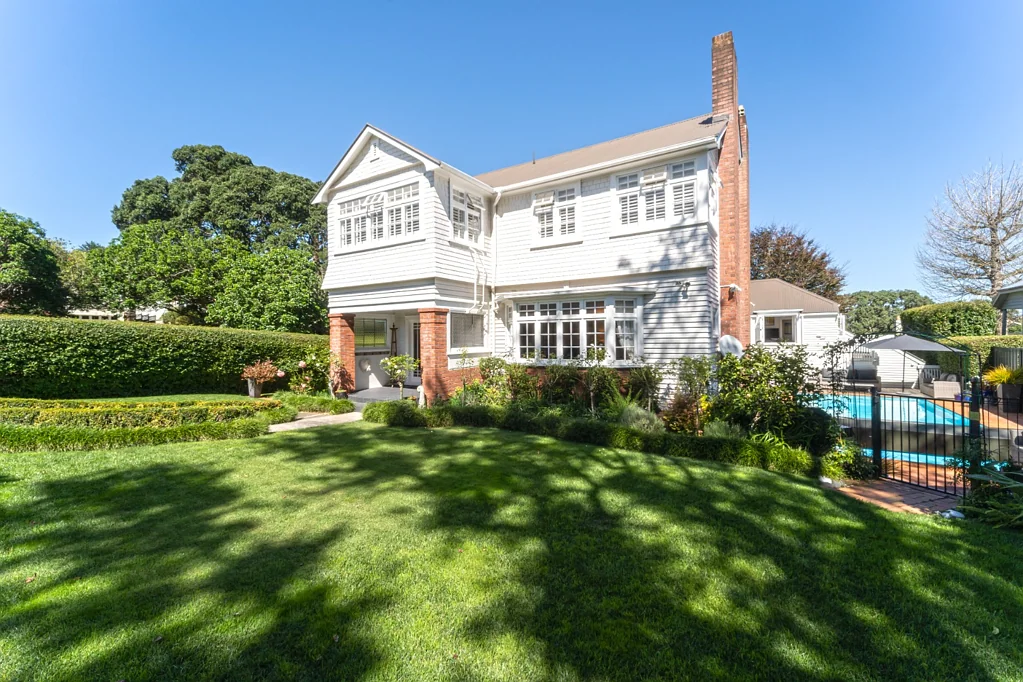 Luxurious Fully Furnished Home with Pool and Gym in Prime Epsom Location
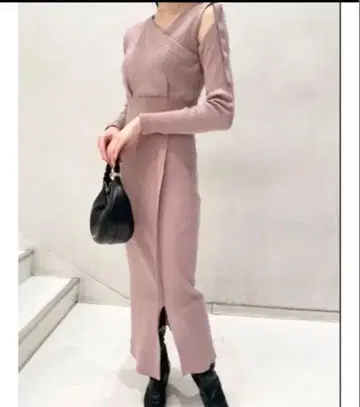 SNIDEN 슬릿 니트 원피스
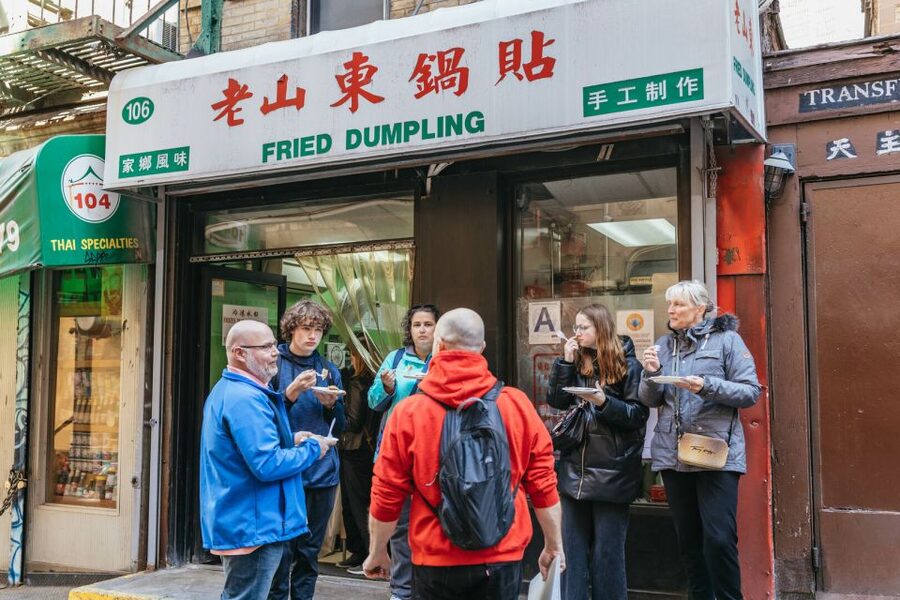 NYC: Taste the American Dream a Lower East Side Food Tour - The guide makes or breaks the walk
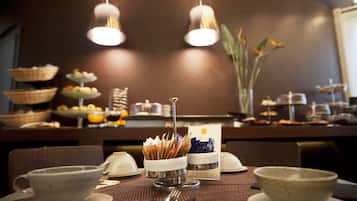 Petit déjeuner buffet compris tous les jours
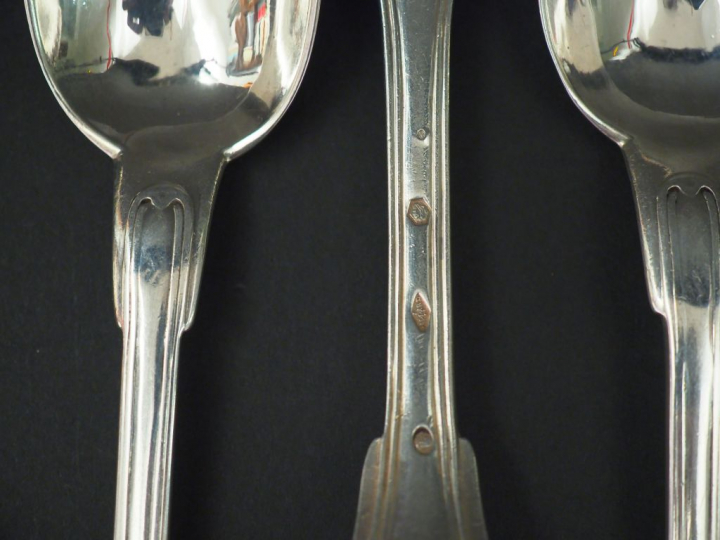 Trois grands couverts et dix grandes fourchettes en argent, modèle à f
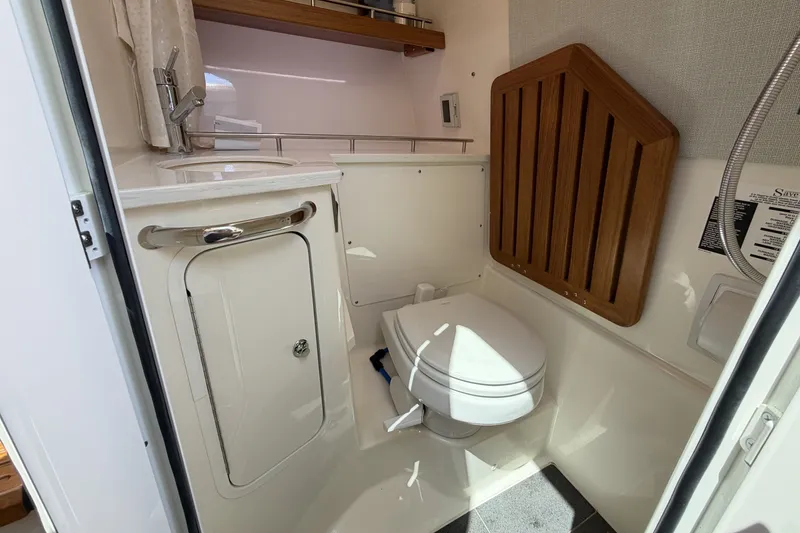 Slide: The Image of Boston Whaler 350 Realm 2024 - 85
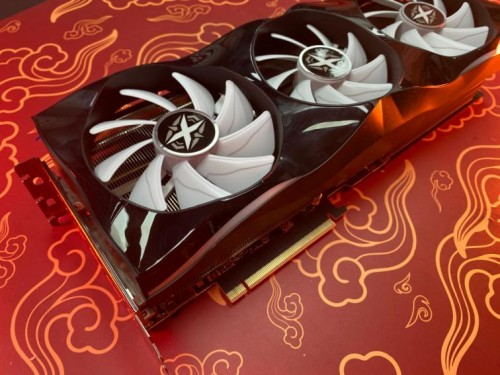 律動炫光，致強性能 耕升 GeForce RTX 4080 炫光 SOC性能解禁 DLSS 3大幅提升游戲性能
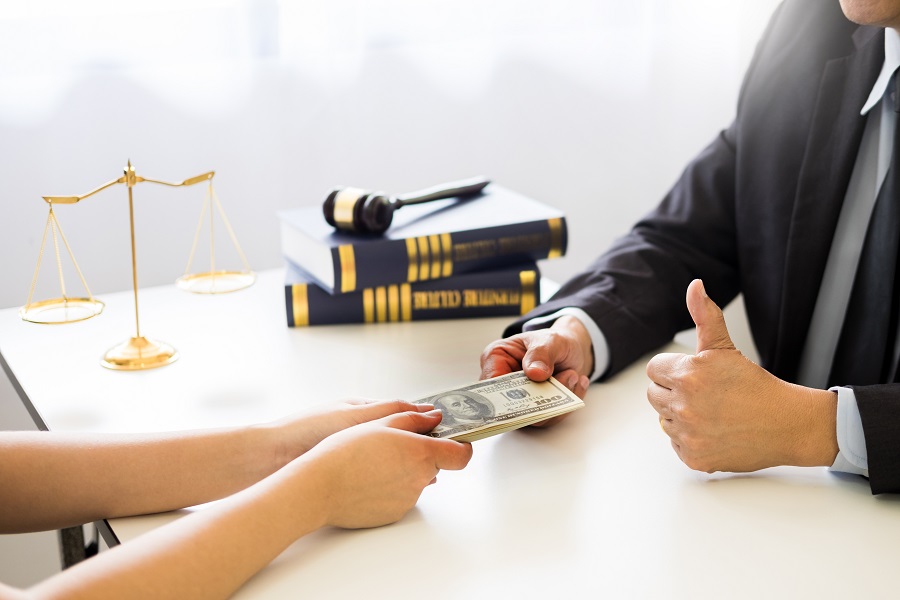 Ưu điểm và hạn chế của ủy thác đầu tư chứng khoán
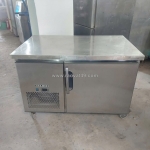 Bàn mát inox 1m2 berjaya qua sử dụng, sử dụng tốt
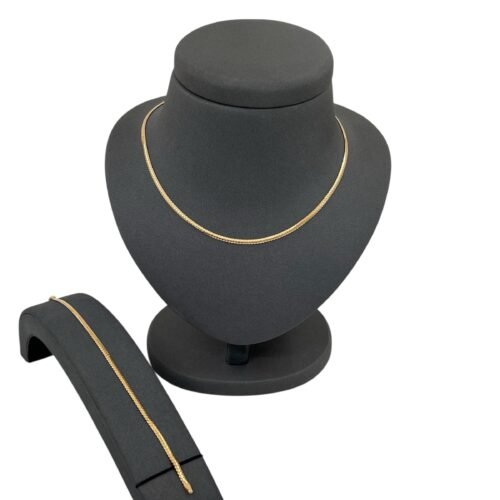 عقد واسواره ذهب عيار 18 الوزن 4.84 جرام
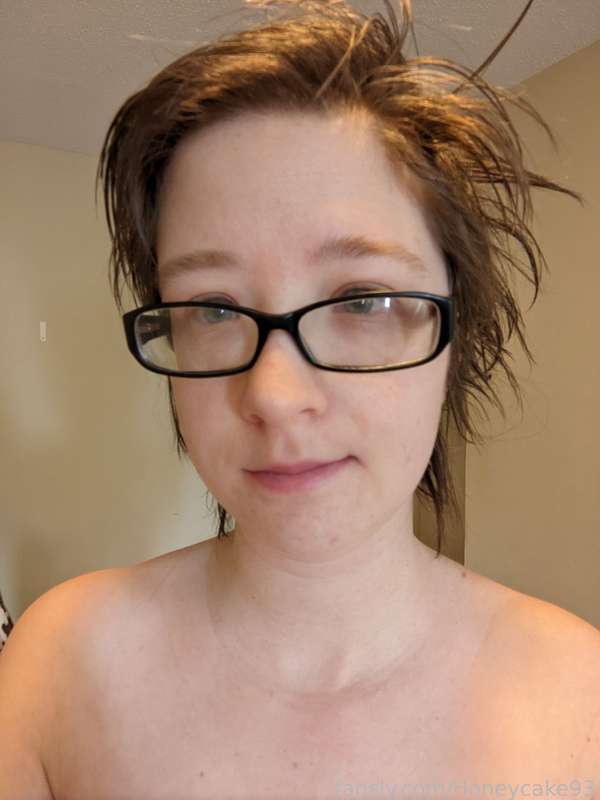 Honeycake93 - Fansly - 03 Mar, 2022 7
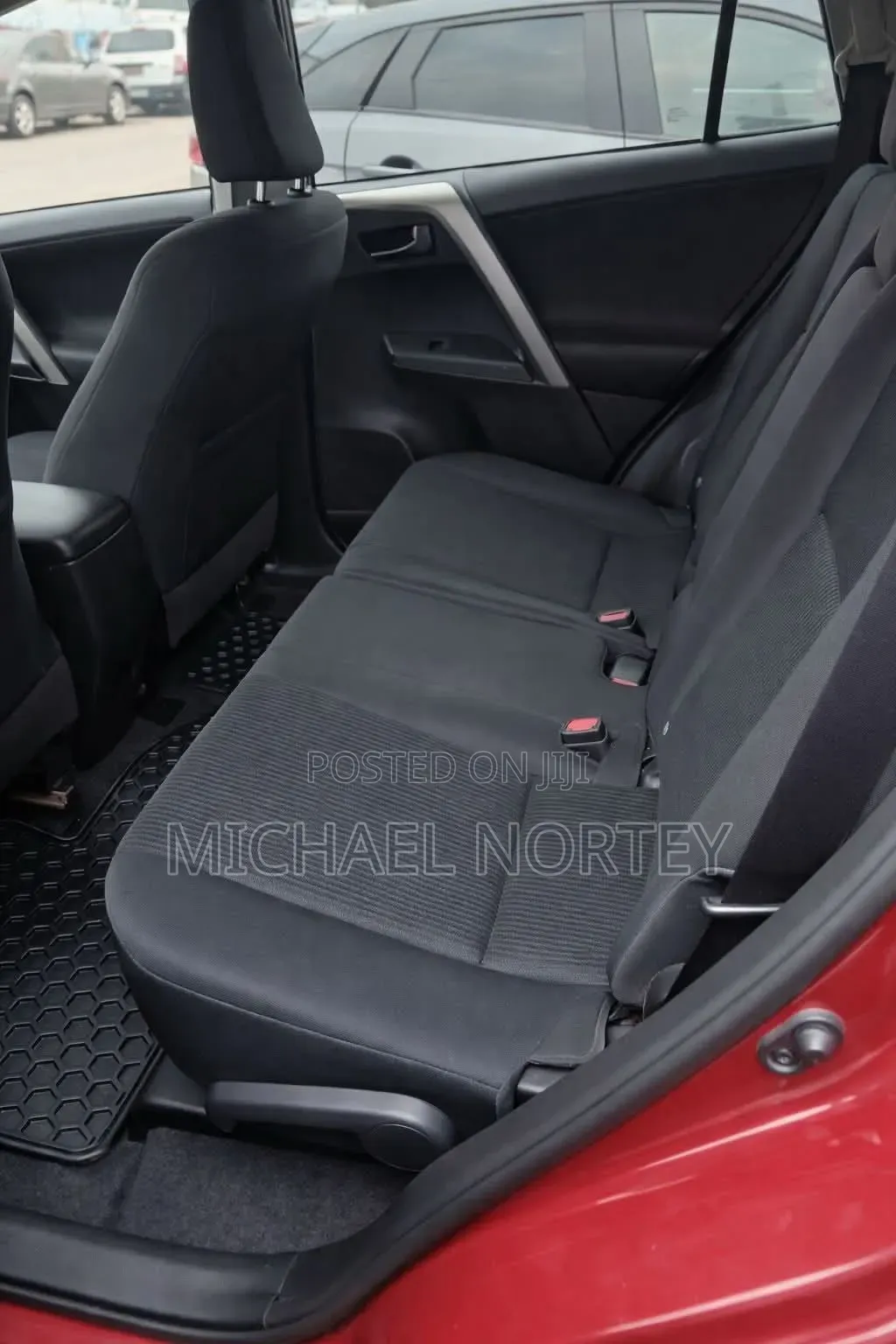 Toyota RAV4 XLE AWD (2.5L 4cyl 6A) 2017 Red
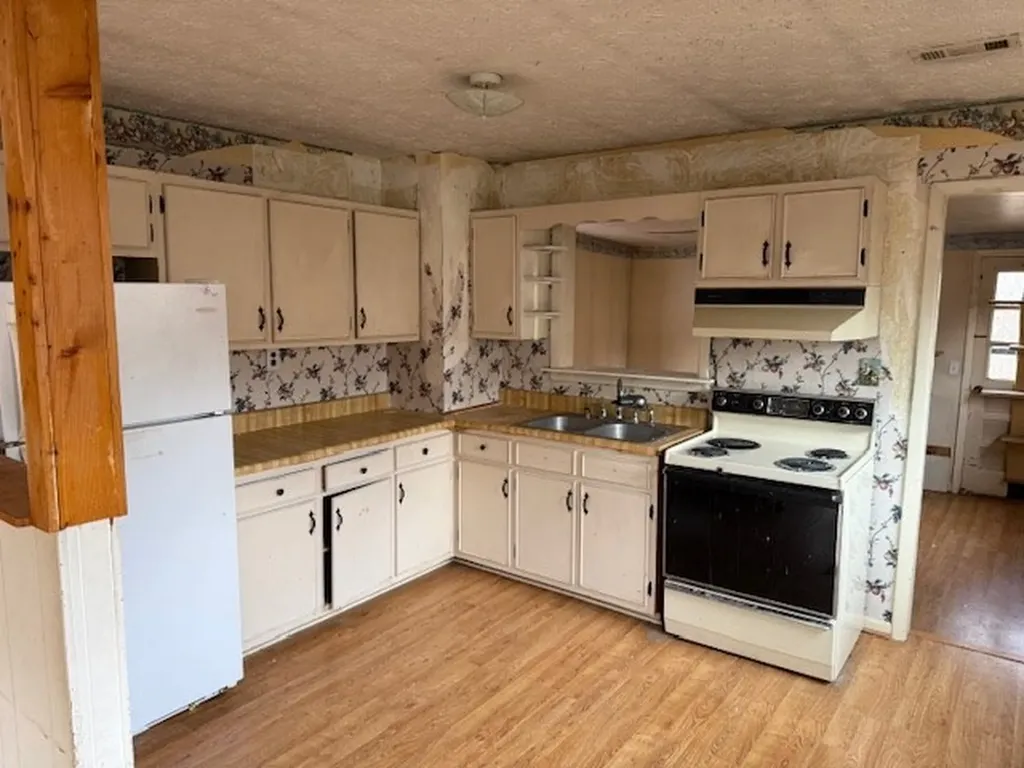 97 Roberts Drive Crossville TN 38571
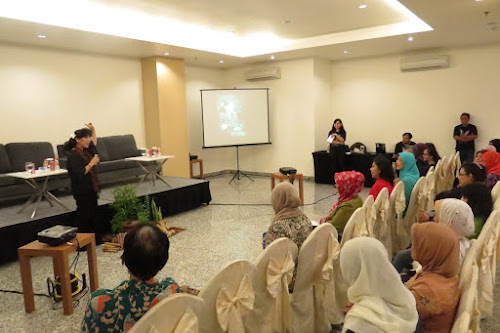 Seminar Lupus di Aston Anne Avantie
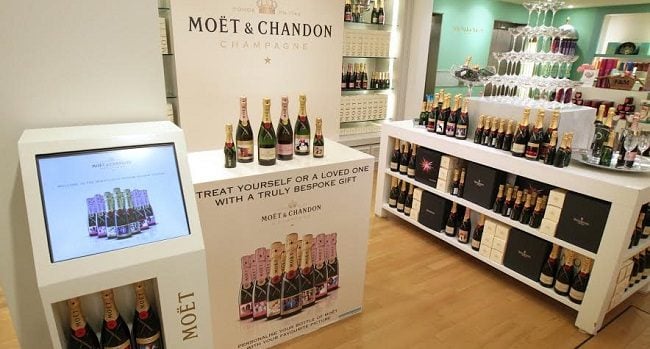 Enjoy a special MOËTMOMENT With Your Mum This Mothers Day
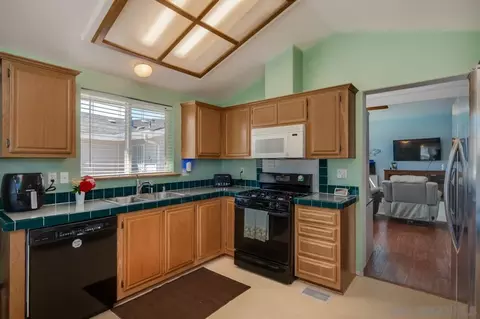 Kitchen - 15935 Spring Oaks Rd #124, El Cajon, CA 92021 photo 1 of 3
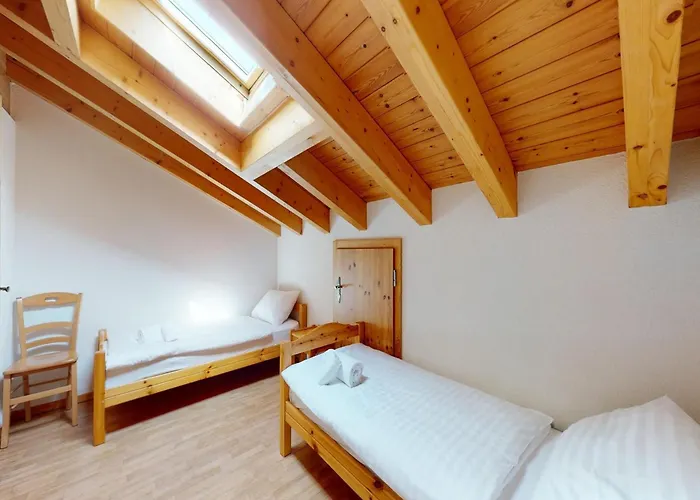 Daire Tasteful With Balcony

+ + + + +

Exactness is what counts here: copy each entry as given and omit its pictures.

* Result of this task
 Luxurious Fully Furnished Home with Pool and Gym in Prime Epsom Location
 SNIDEN 슬릿 니트 원피스
 NYC: Taste the American Dream a Lower East Side Food Tour - The guide makes or breaks the walk
 Petit déjeuner buffet compris tous les jours
 Trois grands couverts et dix grandes fourchettes en argent, modèle à f
 Slide: The Image of Boston Whaler 350 Realm 2024 - 85
 律動炫光，致強性能 耕升 GeForce RTX 4080 炫光 SOC性能解禁 DLSS 3大幅提升游戲性能
 Ưu điểm và hạn chế của ủy thác đầu tư chứng khoán
 Bàn mát inox 1m2 berjaya qua sử dụng, sử dụng tốt
 عقد واسواره ذهب عيار 18 الوزن 4.84 جرام
 Honeycake93 - Fansly - 03 Mar, 2022 7
 Toyota RAV4 XLE AWD (2.5L 4cyl 6A) 2017 Red
 97 Roberts Drive Crossville TN 38571
 Seminar Lupus di Aston Anne Avantie
 Enjoy a special MOËTMOMENT With Your Mum This Mothers Day
 Kitchen - 15935 Spring Oaks Rd #124, El Cajon, CA 92021 photo 1 of 3
 Daire Tasteful With Balcony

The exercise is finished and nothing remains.